Whatever the Polestar does, though, it does it with style. Yes, it’s effectively a shortened, two-door Volvo S90, but it’s still a brilliant design, penned with something so many of the traditional luxury brands are today lacking: restraint.

Inside, the Scandinavian minimalism might feel a bit cold to some luxury buyers, and there’s no denying the design, technology and switchgear are virtually identical to what you’d find in an S90. That could make, or rather, could have made the Polestar 1’s asking price of $155,000 a tough sell. Nevertheless, the leather seats maintain their comfort and support even after many hours, and the company says there’s no waste of the animal at end-of-life, if that’s any consolation. A few niceties like the crystal gear selector and the Polestar logo projection on the panoramic roof add opulence, but not sumptuousness.

These quibbles don’t make us any sadder that the world will be short one more stunning coupe built for drivers. Polestar’s 2025 plan doesn’t include a direct successor to the 1. Instead, two new crossovers and a Taycan challenger lay in wait, all of them pure electrics.

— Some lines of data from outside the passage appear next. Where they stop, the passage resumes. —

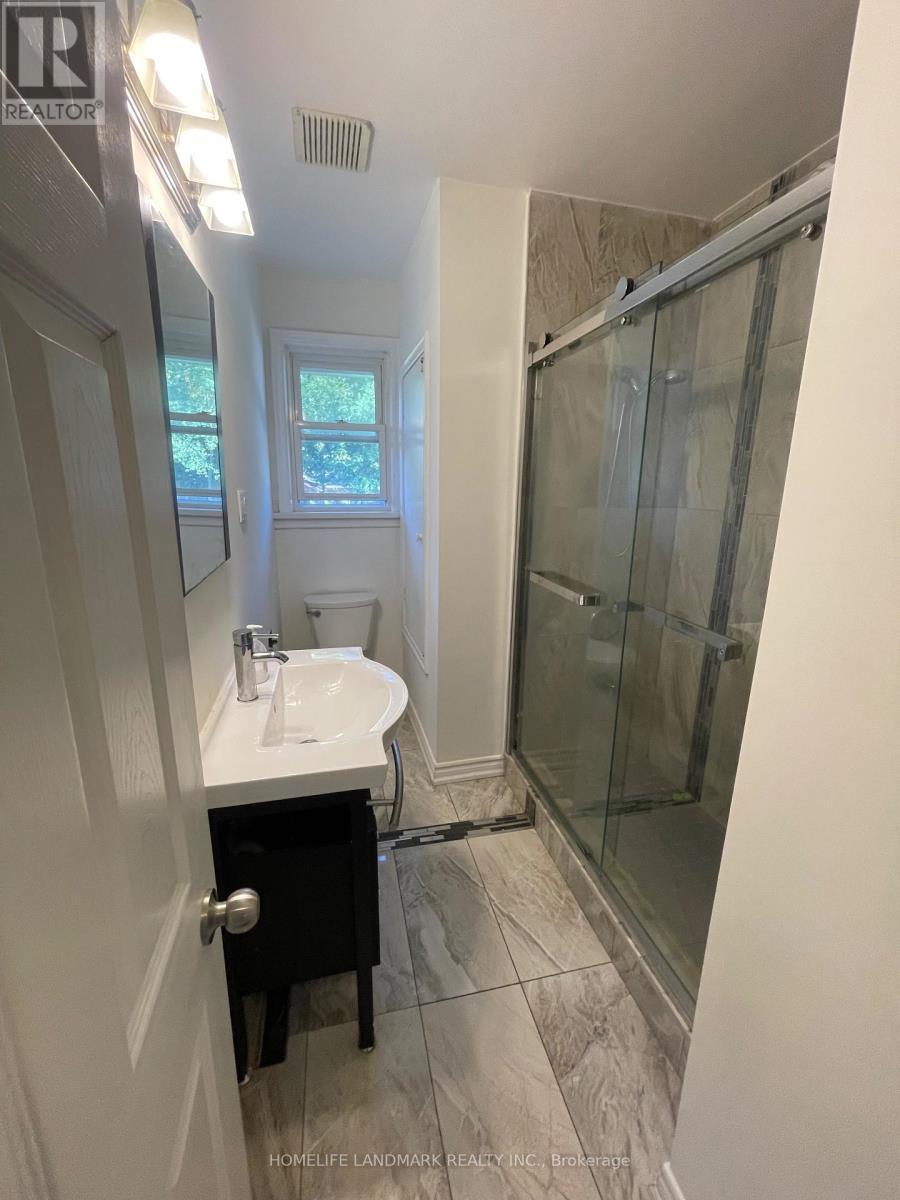 11 Byrne Boulevard, St. Catharines, ON - Indoor Photo Showing Bathroom
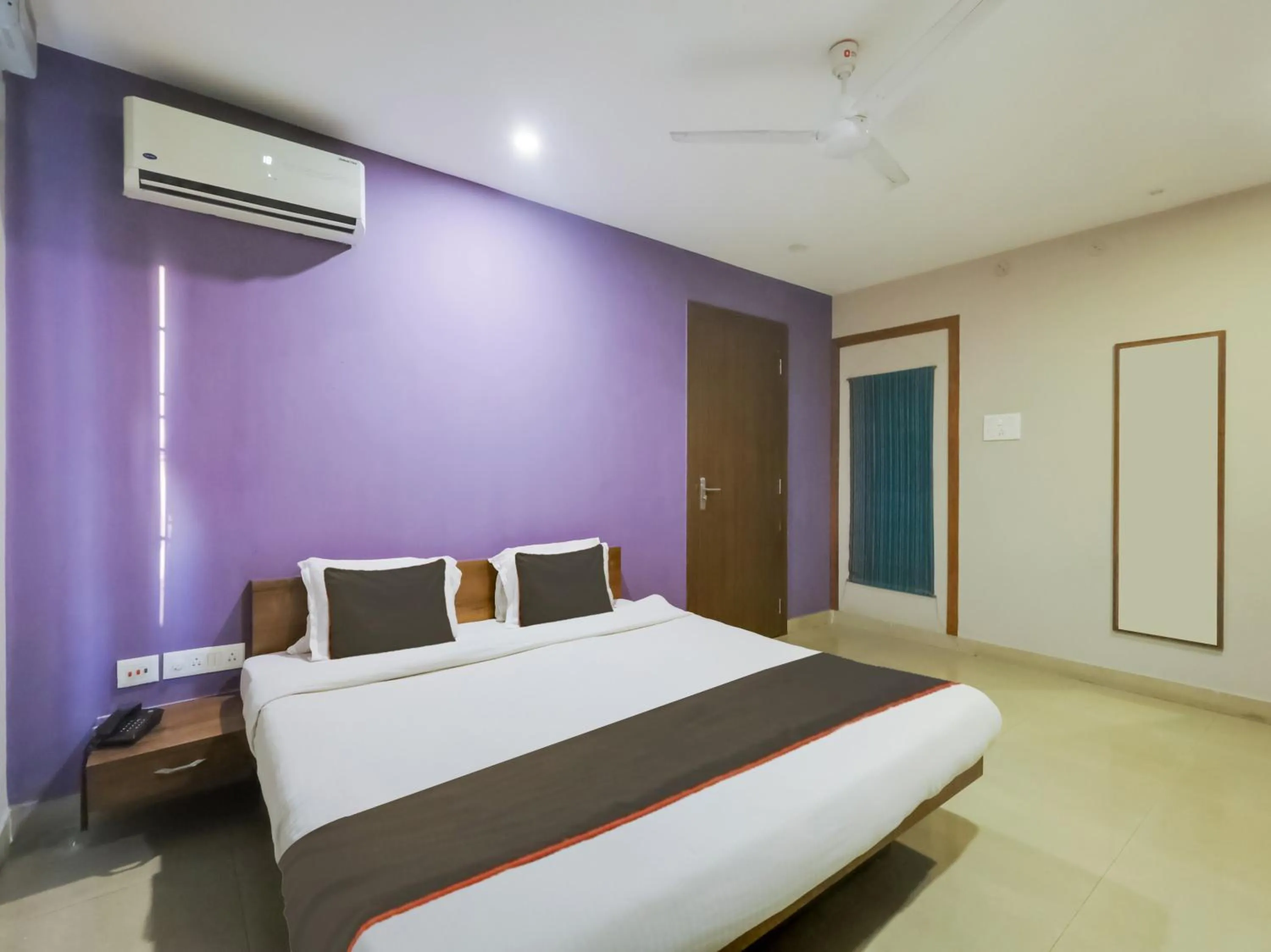 Bedroom in Hotel O Nirvana Lodge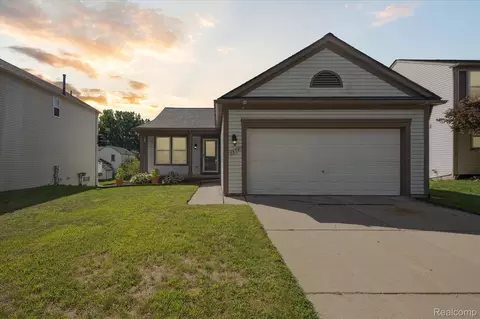1678 Valdosta Cir, Pontiac, MI 48340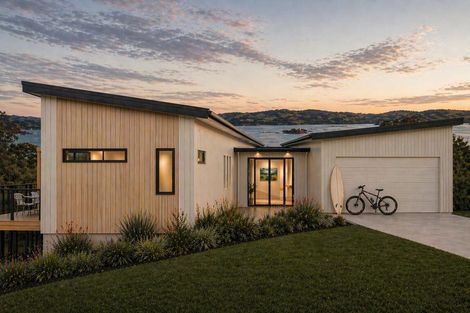 Photo of property in 12 Rereahu Street, Raglan, 3225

Conventional wisdom has already decreed PHEV a “transitional” technology, no doubt aided by the wave of new all-electric cars being introduced to great fanfare. However, the Polestar 1 is evidence that PHEVs still have their place – now and in the future. Even as EVs take over commuting duties, cars that cater to off-the-beaten path journeys – whether overlanding off-roaders or sleek long-distance GTs — are a niche where PHEVs can still shine for many years to come. It’s sad that Polestar is pulling the plug on them after only three.